* Provided entries
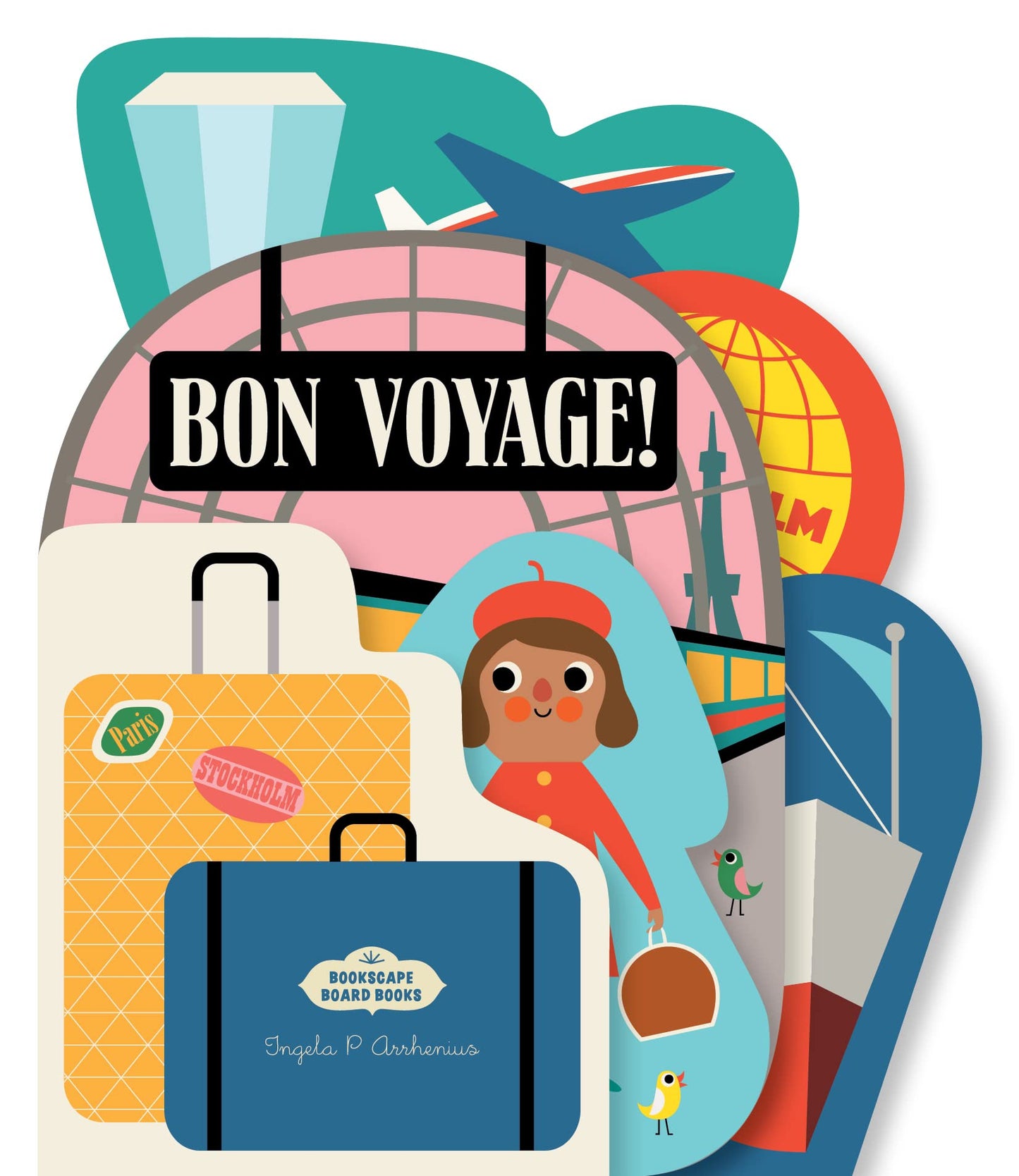 Bon Voyage!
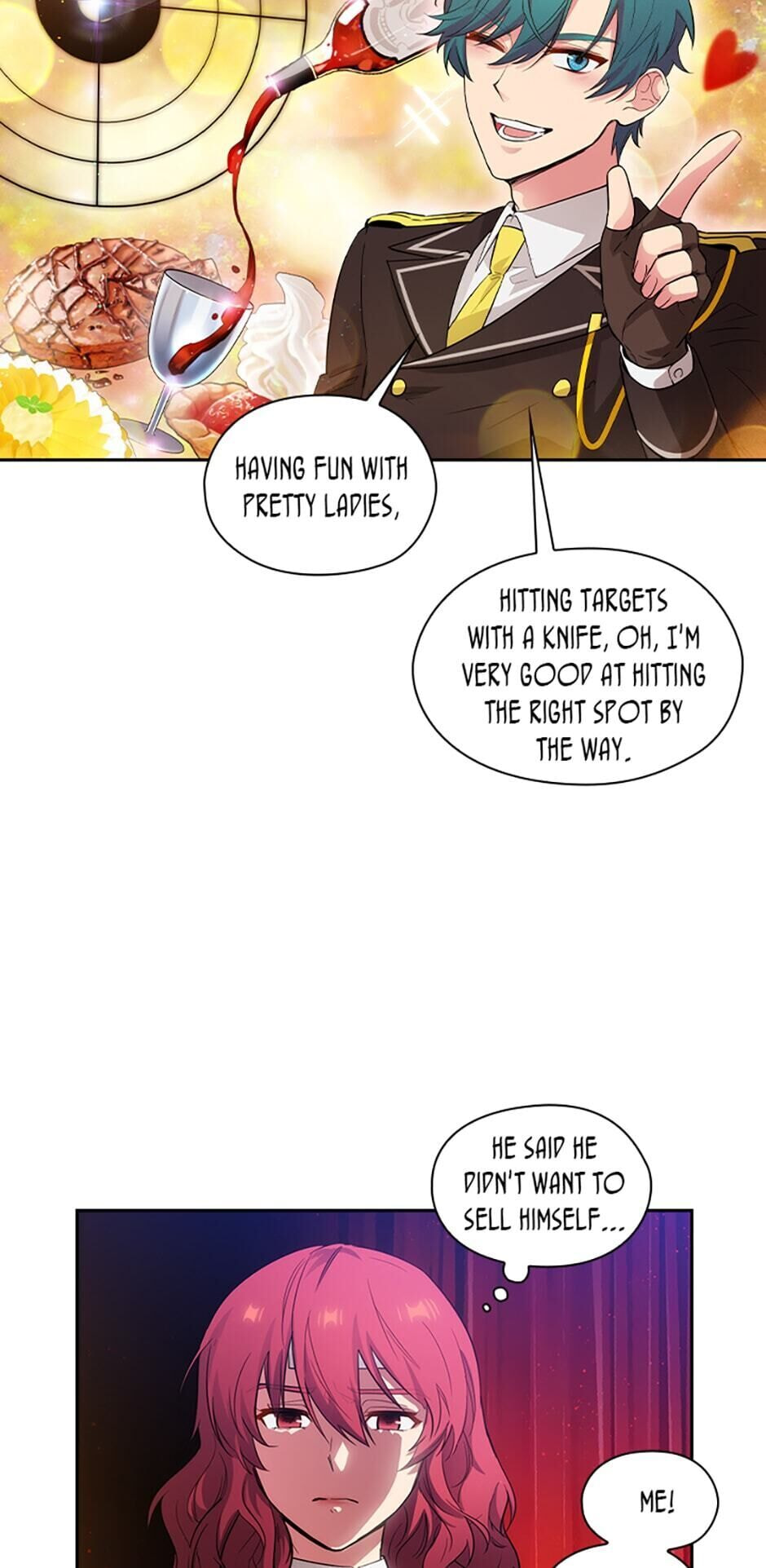 Read Adonis chapter 157 image 38 on Lezhin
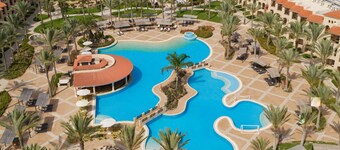 JAZ Almaza Beach Resort, Almaza Bay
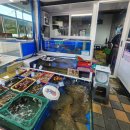 격포항 수산시장 1층 | [부안] 격포항 수산시장(주꾸미) - 수성당(유채꽃) - 슬지제빵소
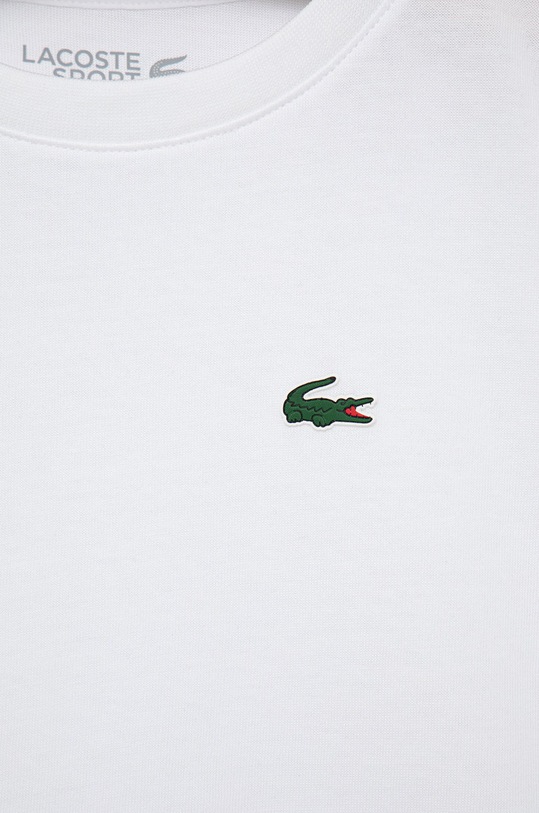 Fiú Lacoste gyerek póló TJ8811 fekete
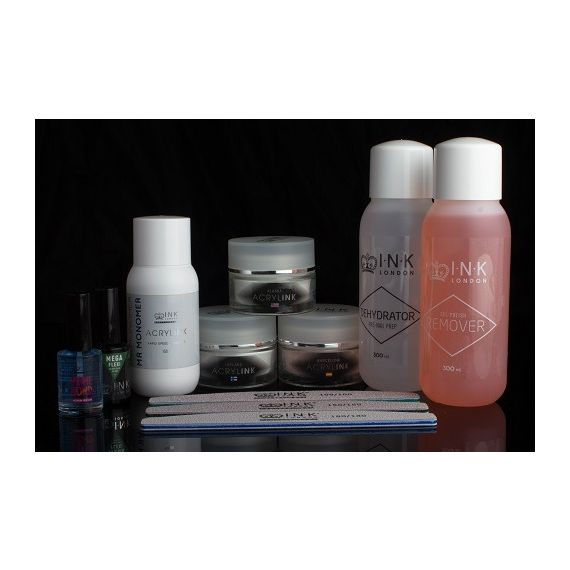 Acrylink Acrylic - Mega Trial Kit (Rapid)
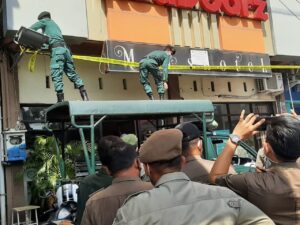 Mars Hotel di Banda Aceh Disegel Karena Langgar Syariat Islam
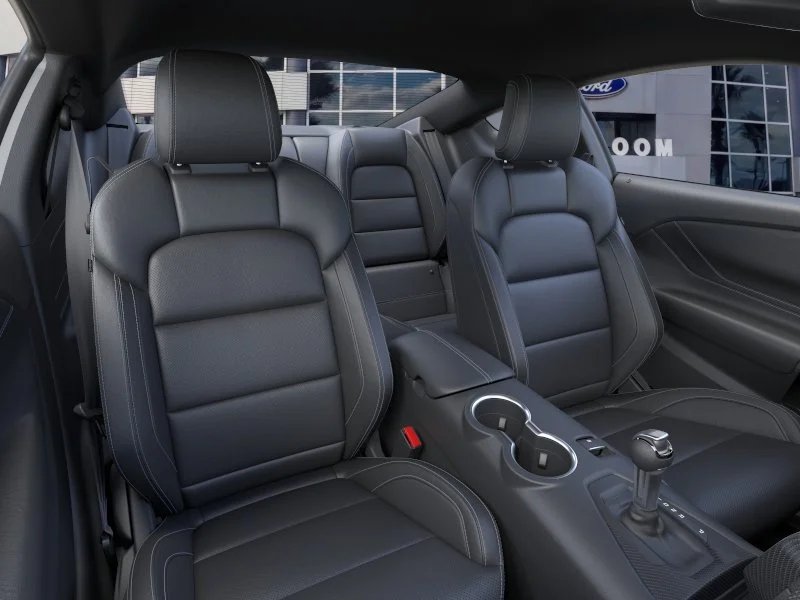 New 2026 Vapor Blue Metallic Ford EcoBoost® Premium Fastback image 10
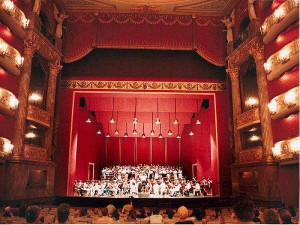Nationaltheater München – Katholikentag 1984 – Generalprobe zu „Elias“ von Felix Mendelssohn Bartholdy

* Work order
A verbatim transcript of the material above, with images dropped, is the expected output.

* Solution to the problem
 Bon Voyage!
 Read Adonis chapter 157 image 38 on Lezhin
 JAZ Almaza Beach Resort, Almaza Bay
 격포항 수산시장 1층 | [부안] 격포항 수산시장(주꾸미) - 수성당(유채꽃) - 슬지제빵소
 Fiú Lacoste gyerek póló TJ8811 fekete
 Acrylink Acrylic - Mega Trial Kit (Rapid)
 Mars Hotel di Banda Aceh Disegel Karena Langgar Syariat Islam
 New 2026 Vapor Blue Metallic Ford EcoBoost® Premium Fastback image 10
Nationaltheater München – Katholikentag 1984 – Generalprobe zu „Elias“ von Felix Mendelssohn Bartholdy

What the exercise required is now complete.